Null Masking
This document explains the null masking features in linnaeus, which are designed to control how null labels (typically class index 0) are handled during training and evaluation.
Overview
In multi-level hierarchical classification, some samples may have null labels at various ranks in the hierarchy. For example, a dataset might include partial labels where some samples are only annotated up to a certain taxonomic rank, with nulls for the more specific ranks.
linnaeus provides two main mechanisms for handling null-labeled data:
- Scheduled Null Masking: Gradually introducing null samples into the loss calculation during training
- Phase 1 Deterministic Null Masking: Completely excluding null labels from loss calculation during initial training phases
Scheduled Null Masking
The scheduled null masking feature controls what percentage of null-labeled samples should contribute to the loss computation:
SCHEDULE:
NULL_MASKING:
ENABLED: True
START_PROB: 0.0
END_PROB: 1.0
START_EPOCH: 0
END_EPOCH: 100
With these settings, the system gradually increases the probability of including null samples in the loss calculation from 0% (completely excluding nulls) at epoch 0 to 100% (including all nulls) by epoch 100.
Phase 1 Deterministic Null Masking
For training models in stages, you can use the TRAIN.PHASE1_MASK_NULL_LOSS
flag to completely exclude null labels from loss calculation during initial training:
TRAIN:
PHASE1_MASK_NULL_LOSS: True
When enabled, this setting:
- Deterministically masks loss for all null-labeled samples in all tasks
- Takes precedence over any scheduled null masking configuration
- Only applies during training (validation always includes nulls for complete evaluation)
Use Case: Phase 1 Training
Phase 1 training focuses on learning to distinguish between non-null classes first, before introducing the complexity of recognizing null/out-of-distribution samples.
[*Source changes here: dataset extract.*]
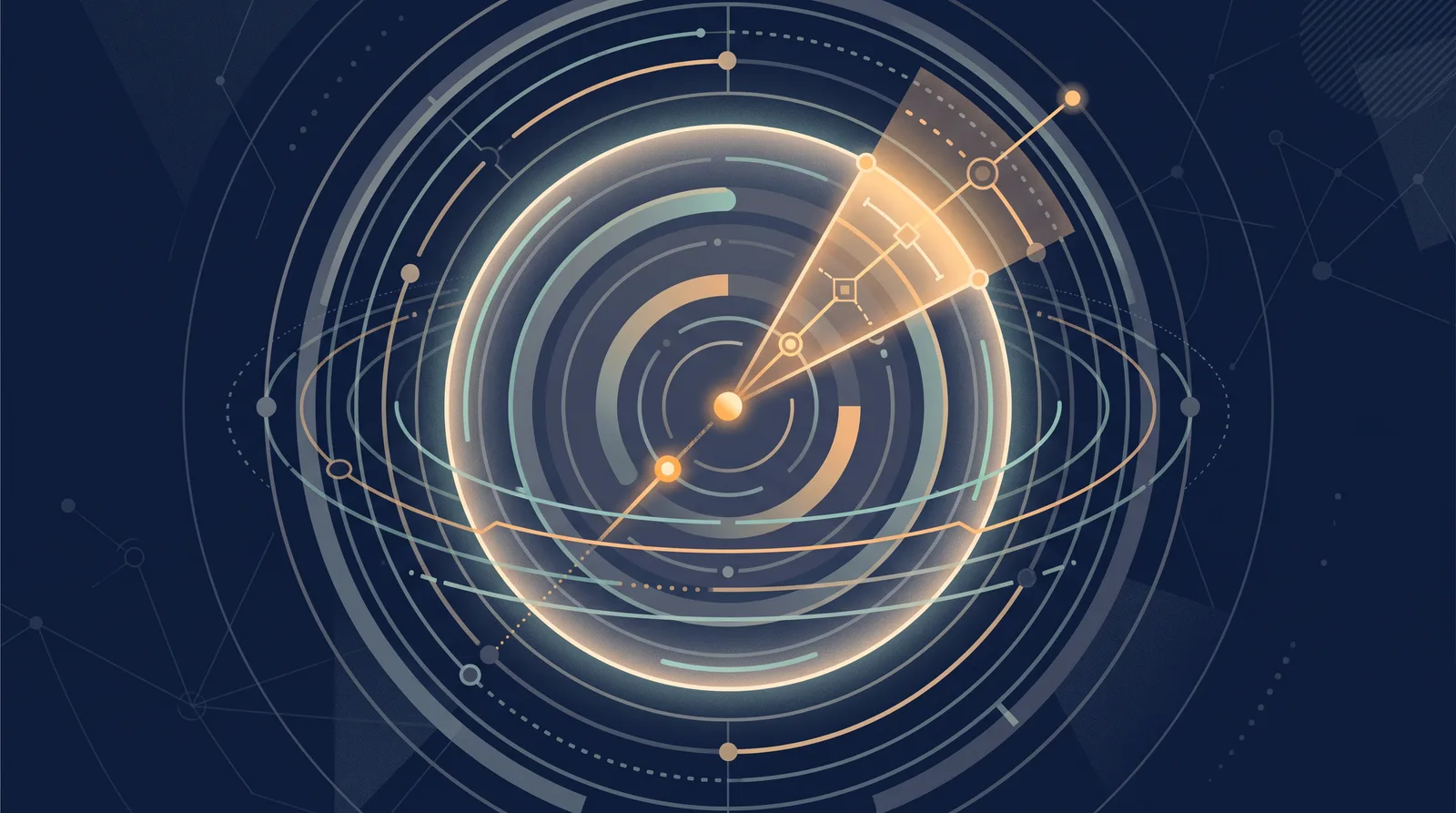 Flat editorial illustration showing a planetary shield with concentric orbit rings, one radial segment glowing as a small request dot climbs.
This approach can lead to more stable training and better model initialization before fine-tuning on the full dataset including nulls.
Partial Chain Accuracy Metric
To properly evaluate models trained with null masking, linnaeus includes a specialized metric called Partial Chain Accuracy.
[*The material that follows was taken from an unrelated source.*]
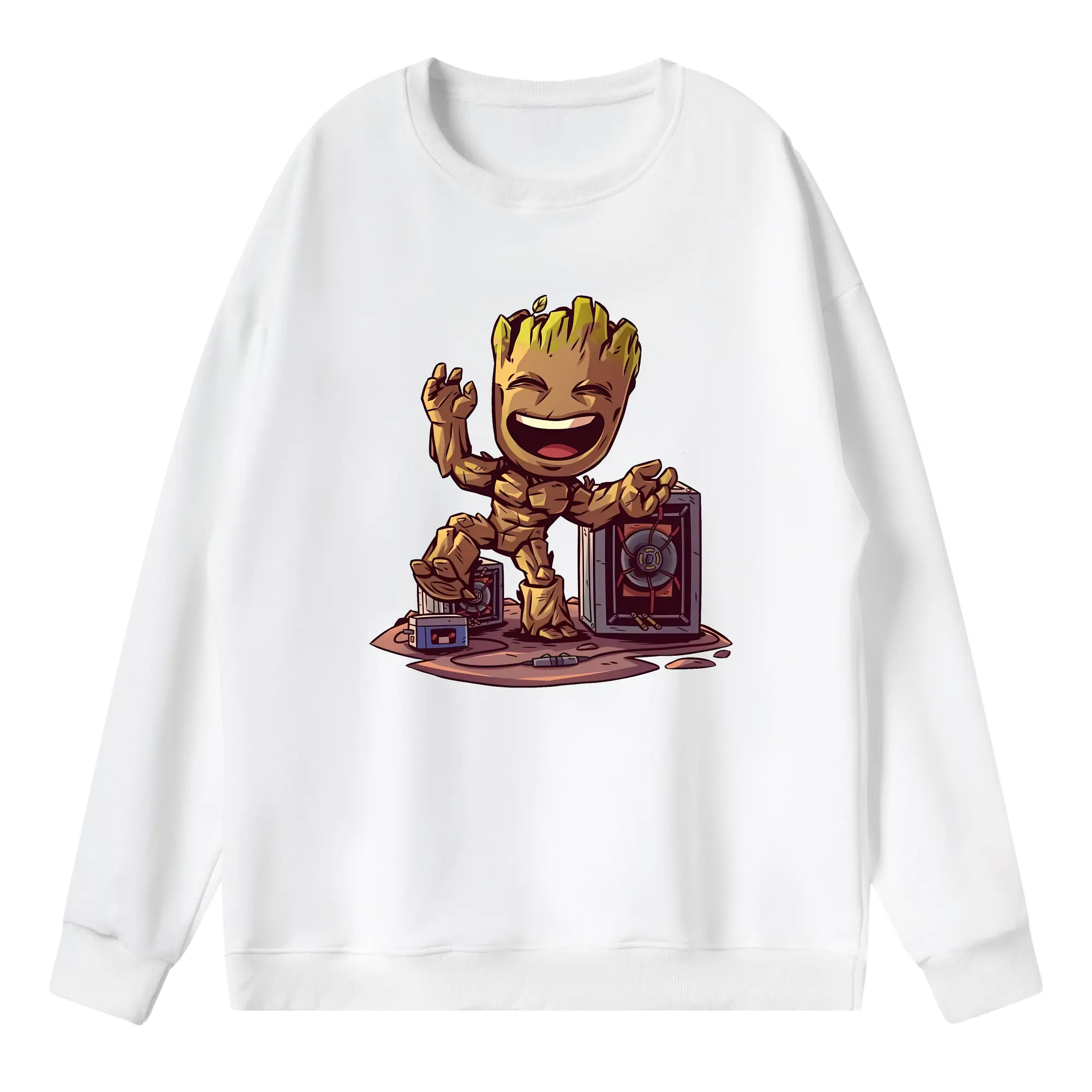 アベンジャーズ (Avenjāzu) グッズ グルート（Groot） - 薄手 クルーネック スウェット 裏毛260g · ポリエステル 春秋向け カジュアル 男女兼用 · トレーナー デイリー スポーツ 散歩に最適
Standard vs. Partial Chain Accuracy
- Standard Chain Accuracy: A sample is considered correct only if the model predicts the correct label at all ranks.
- Partial Chain Accuracy: A sample is considered correct if the model predicts the correct label for all non-null ranks up to the highest non-null rank in that sample.
For models trained with TRAIN.PHASE1_MASK_NULL_LOSS=True
, the partial chain accuracy is more representative of actual performance, as it doesn't penalize the model for null predictions that were excluded from training.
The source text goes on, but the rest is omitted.